### Action item:
The expected output is the full data, repeated exactly, without pictures.

### Given material:
▽

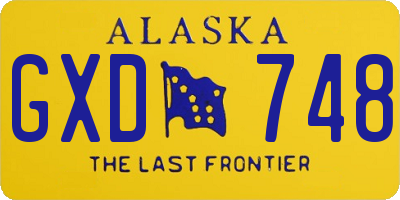 AK license plate GXD748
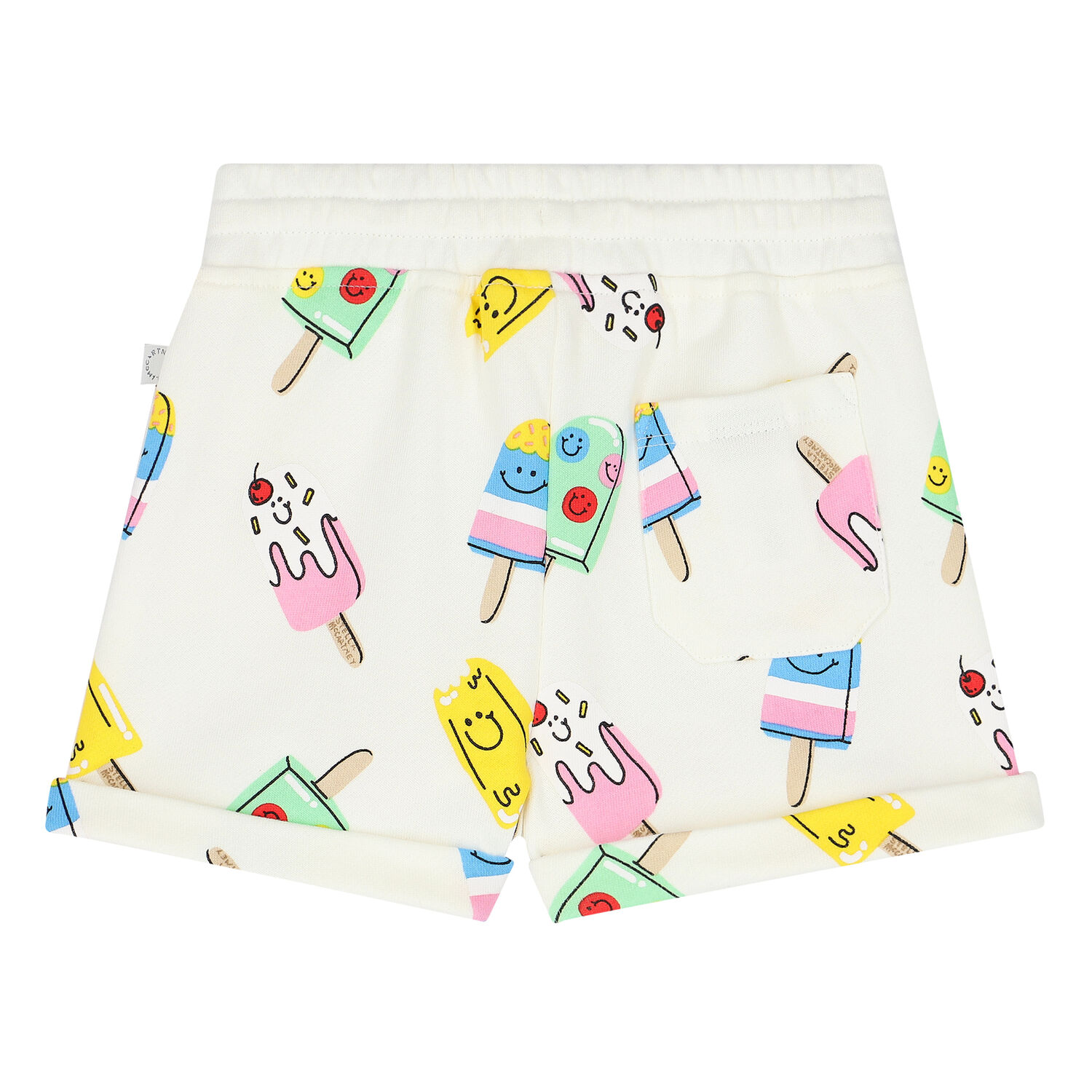 Baby Girls White Ice Pop Shorts, 1, hi-res image number null
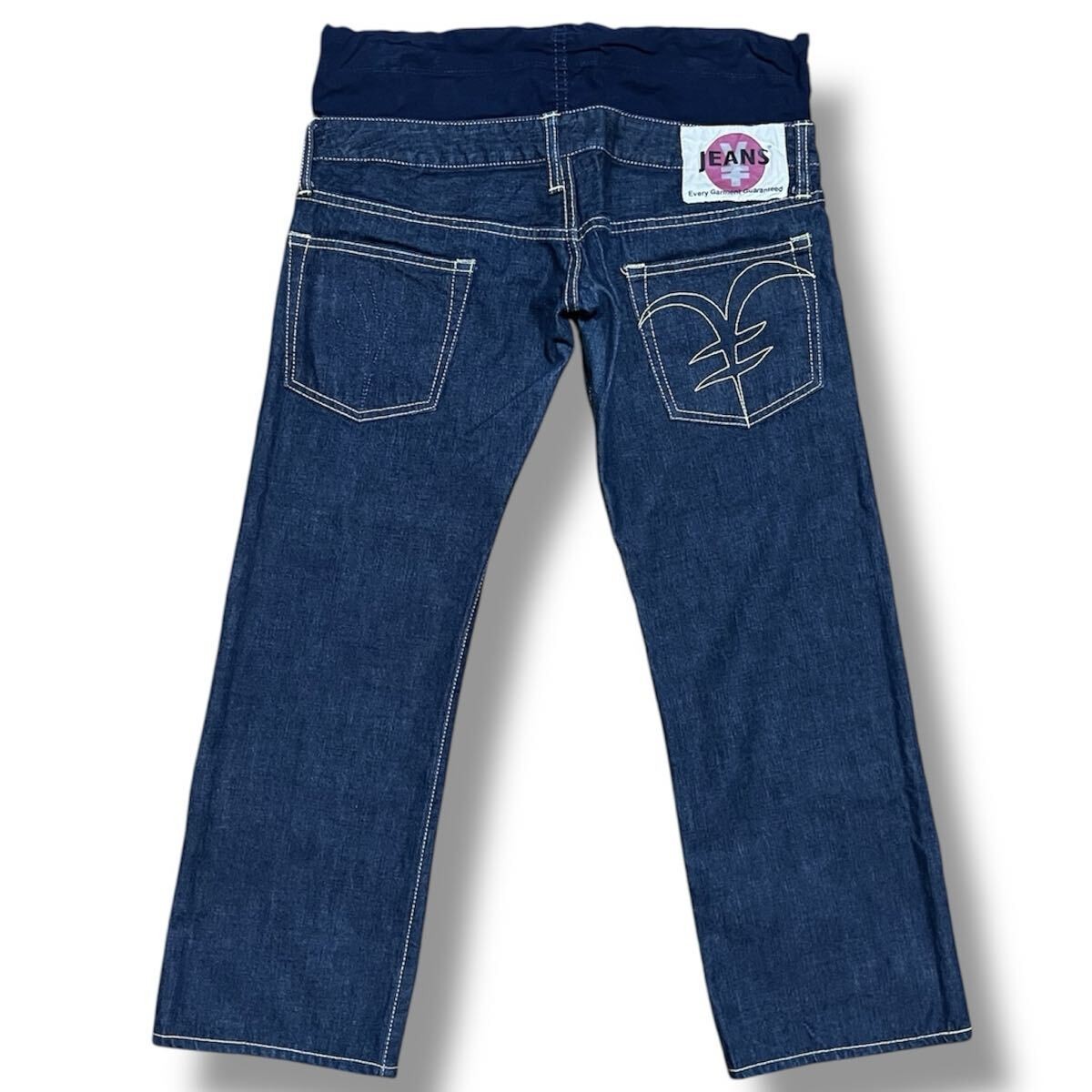 YEN JEANS 00s Japan Made Denim Jeans Low Rise Michiko Koshino Style Size 28 YEN JEANS 00s Japan Made Denim Jeans Low Rise Michiko Koshino Style Size 28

△

### Problem solution:
 AK license plate GXD748
 Baby Girls White Ice Pop Shorts, 1, hi-res image number null
 YEN JEANS 00s Japan Made Denim Jeans Low Rise Michiko Koshino Style Size 28 YEN JEANS 00s Japan Made Denim Jeans Low Rise Michiko Koshino Style Size 28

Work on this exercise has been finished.